Still others insisted that these works, found in Africa, had been the products of the European Renaissance. All of this confusion was due to the widespread ignorance of Africa, its traditions, its people and their capabilities, and the great lost civilizations.
In this play, Hansberry attempted, in her own small way, to educate the world about Africa through her drama about a poor black family living on Chicago's Southside. Bantu The Bantu language is the tongue common to the peoples of Africa who live below the equator. There are many languages and tribes among the Bantu people — thus, the Bantu are one of the many native African groups who speak one of the Bantu languages.
Bantu is the largest language family and Swahili which consists of Bantu and Arabic is the most widely spoken. Clearly, Hansherry uses her own family's livelihood as being the livelihood of the rich black family in Raisin. Lorraine Hansberry's father was a successful real estate businessman; apparently, the Murchison family of Raisin is equally successful, for Walter refers to the Murchisons' purchase of a big hotel on the "Drive.

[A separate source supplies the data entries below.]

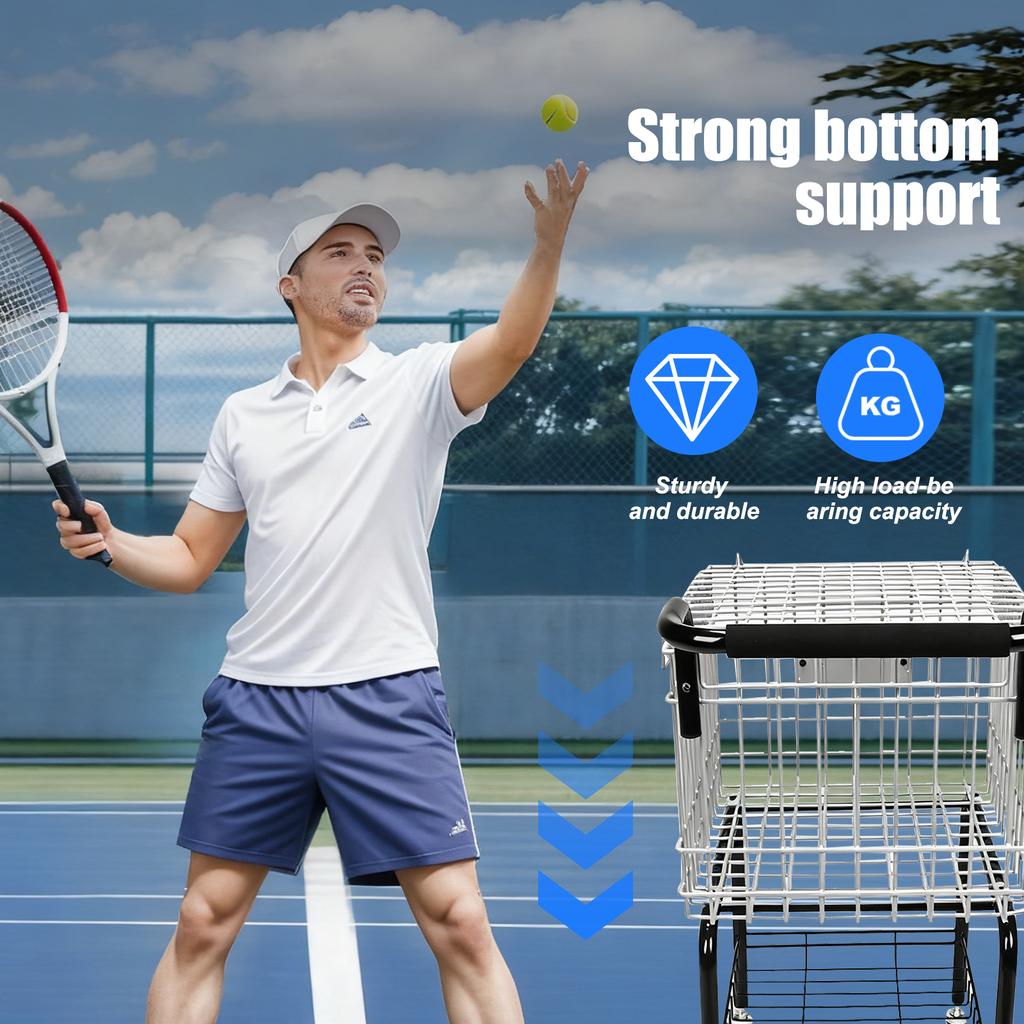 Тележка для хранения и сбора теннисных мячей на колесах, складная, вмещает 350 мячей, корзина-бункер для теннисных мячей на колесах, собиратель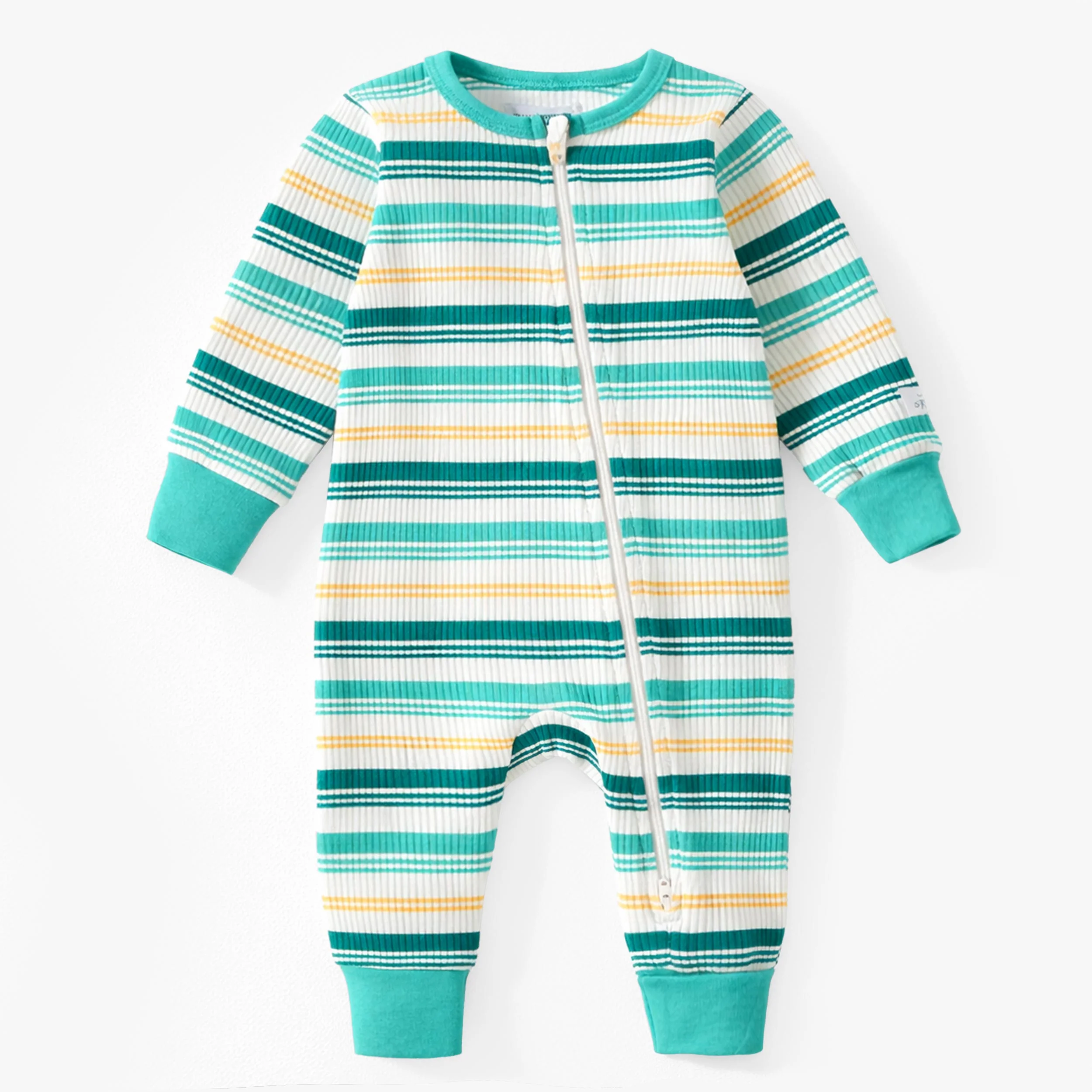Pyjama une pièce crème à rayures colorées, bébé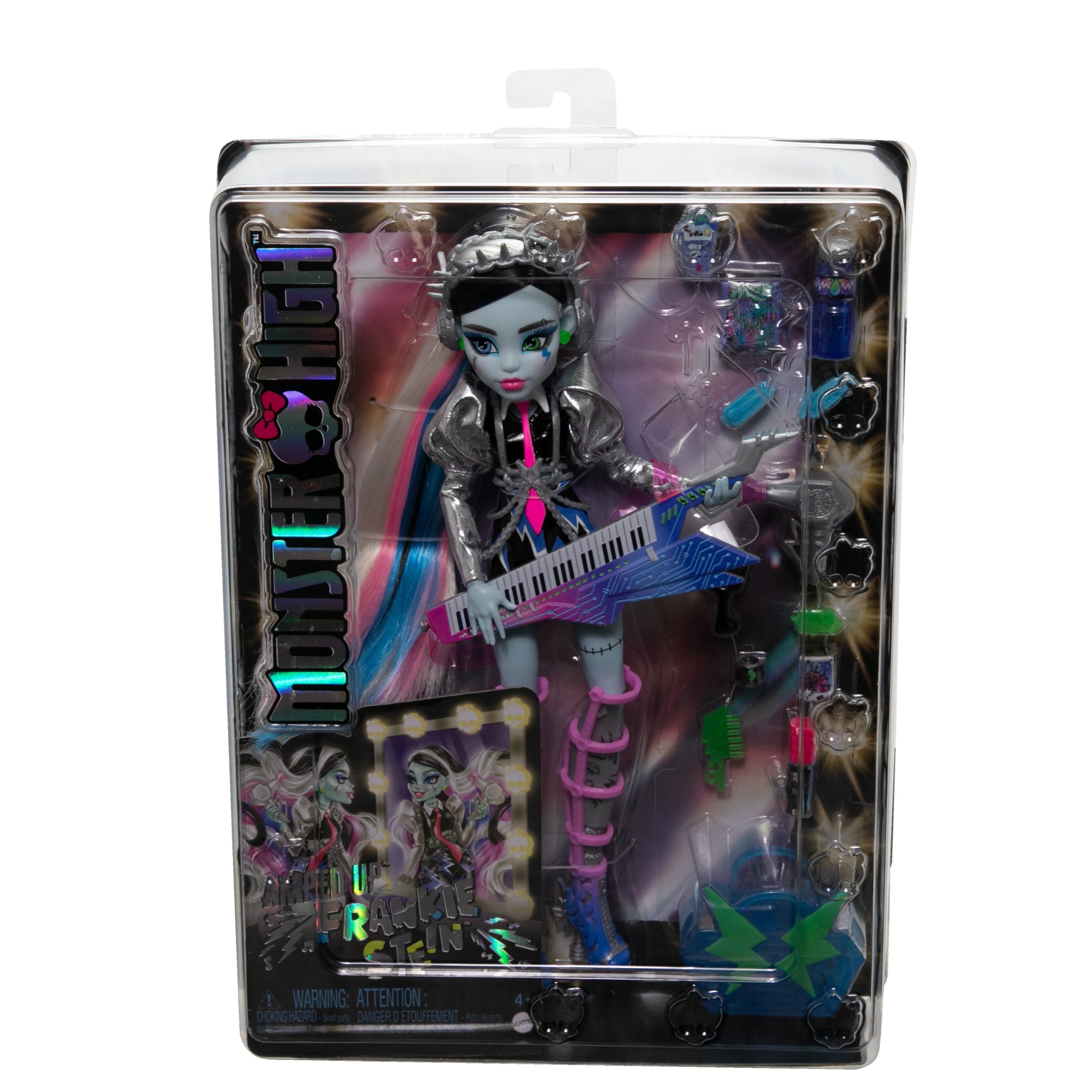 Monster High Doll. Amped Up Frankie Stein Rockstar With Instrument And Accessories - Image 6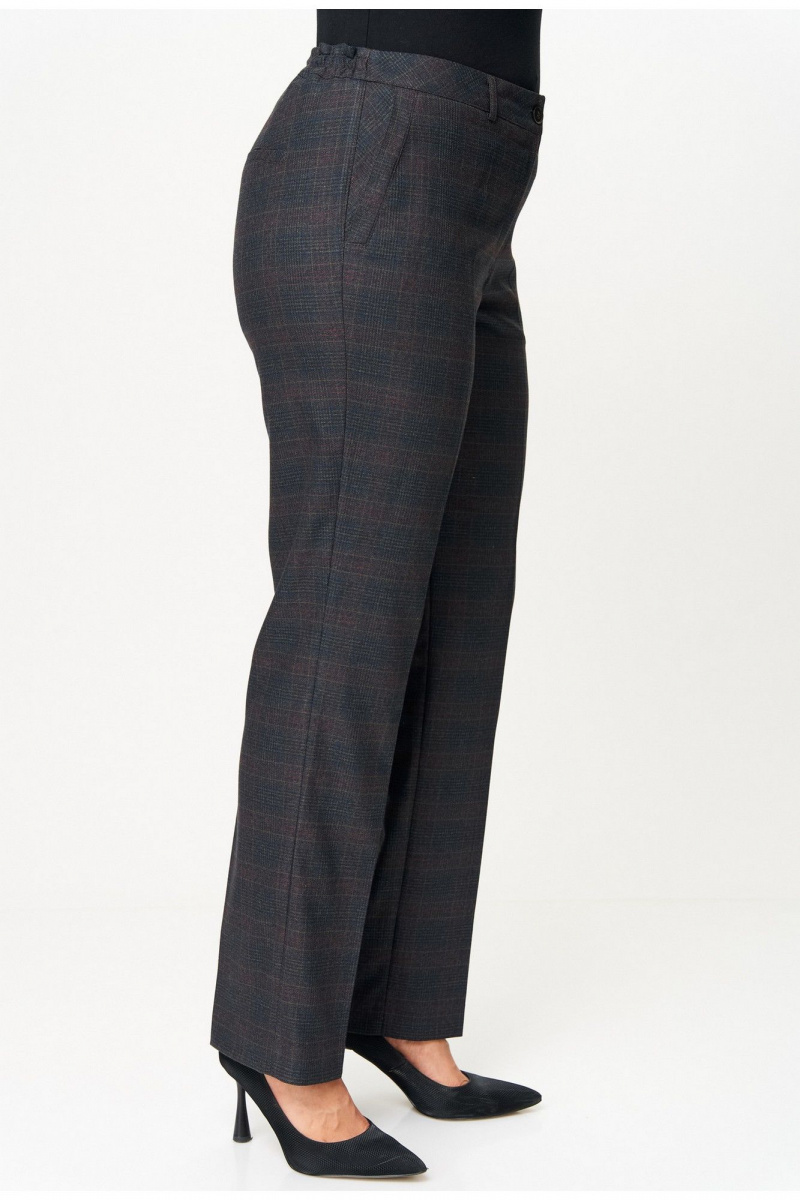 Брючный костюм БелЭльСтиль 412-3_14_22+609-3_23_22 серо-коричневая клетка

In , anyone, most especially a black person, who could afford to purchase a hotel — especially a hotel on such expensive property — would have been very wealthy. Prometheus As noted later in the character analysis of Walter Lee Younger, George Murchison's reference to Prometheus fits Walter's fiery personality, along with several other parallels. Prometheus, the god who was punished for having brought fire to mortals, was chained to Mt.